Selection Sort: Passes to sort the array
An array of n elements is sorted after n-1 passes.
Selection Sort: Elements sorted after k passes
After the kth pass, the first k elements are in their sorted positions.
Selection Sort: Worst Case
Selection Sort always requires the same number of comparisons/moves
Selection Sort: Best Case
Selection Sort always requires the same number of comparisons/moves
Insertion Sort: Operation
The array consists of sorted and unsorted portions. Insertion sort moves elements from the unsorted subarray to their correct positions in the sorted subarray, moving elements in the sorted subarray as necessary.
Insertion Sort: Passes to sort the array
An array of n elements is sorted after n-1 passes.
Insertion Sort: Elements sorted after k passes
The elements in a[0]..a[k] are sorted with respect to each other (though not necessarily in their final positions).
Insertion Sort: Worst Case
The array is sorted in reverse order (maximum possible number of comparisons and moves).
Insertion Sort: Best Case
The array is already sorted in increasing order (each pass involves one comparison that confirms that the sort order is correct).
Mergesort: Operation
Mergesort the left and right halves of an array, then merge the two sorted lists. In doing this, n subarrays of length 1 are created and then recursively merged to form the final sorted array.
Mergesort: Disadvantages
Mergesort requires a temporary array of length n to sort an array of length n, so it may not be space-efficient.
Mergesort: Worst Case
The performance of mergesort is not affected by the initial ordering of elements in the array.
Mergesort: Best Case
The performance of mergesort is not affected by the initial ordering of elements in the array.

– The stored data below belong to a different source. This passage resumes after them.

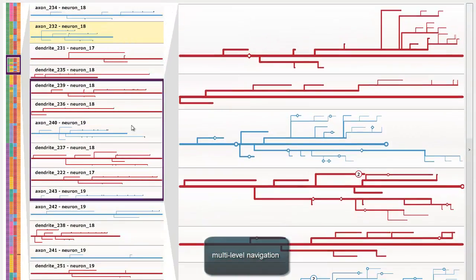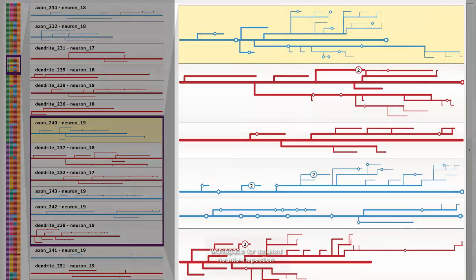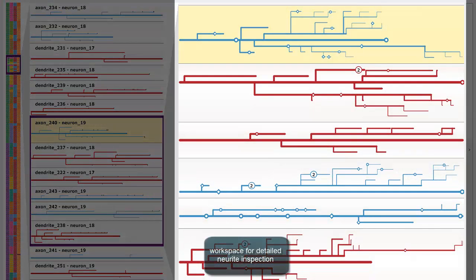The right view is the so-called workspace. It allows us to inspect individual neurites and look at their branching patterns, synapses, and synaptic chains in more detail.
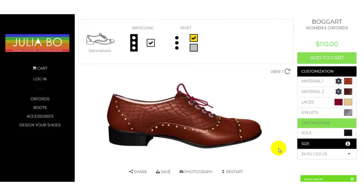Now you are done with your shoe design. Show your style statement to your friends — you can design better shoes with your creativity.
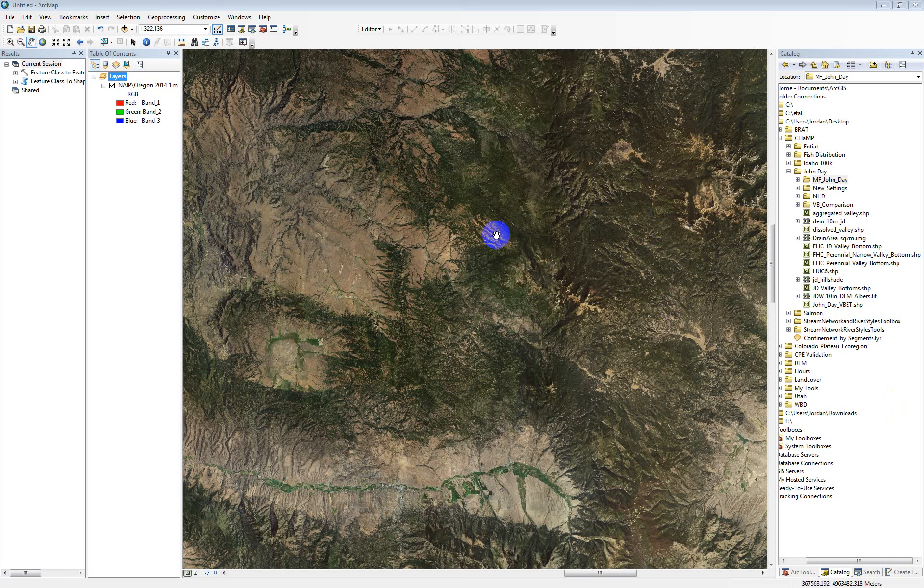Okay, this video is to give you a rundown of our initial results of the confinement tool for the Middle Fork of the John Day, as well as show you how you can validate and score the runs for us.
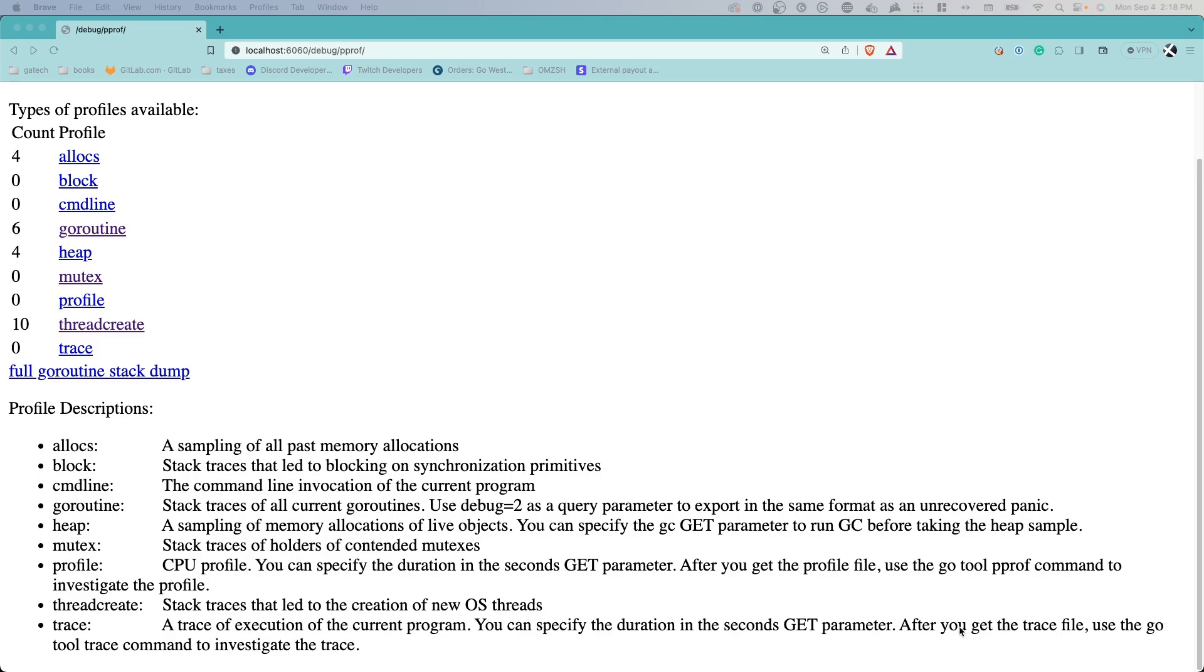Mutex is an incredibly powerful tool for stack traces around mutex contentions.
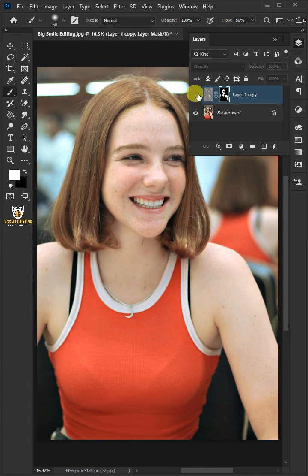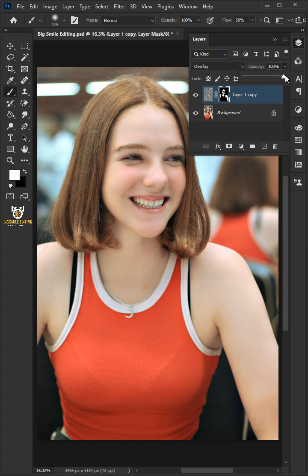Here's the after, and here's the before. If you think it is too much, you can always go ahead and decrease the opacity. I'll choose 75%, and that's it.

Sequential Search: Operation
Start at the first element and compare the key to each element. If the list is known to be sorted, the search could be stopped early if the key is less than the current element.
Sequential Search: Best Case
The key is in the first slot.
Sequential Search: Worst Case
The key is in the last slot or not in the array.
Sequential Search: Average Case
There are n/2 comparisons.
Binary Search: Operation
Find the midpoint of the array at index k and compare it to the key. If the key is less than a[k], recursively search a[0]..a[k-1]. If it is greater than a[k], recursively search a[k+1]..a[n-1].
Binary Search: Preconditions
The array is sorted on the search key.
Binary Search: Best Case
The key is at the midpoint of the array (i.e. a[n/2]).
Binary Search: Worst Case
The key is not in the list or is at either end of a subarray (subarrays must continually be divided until a subarray of length 1 is found and tested).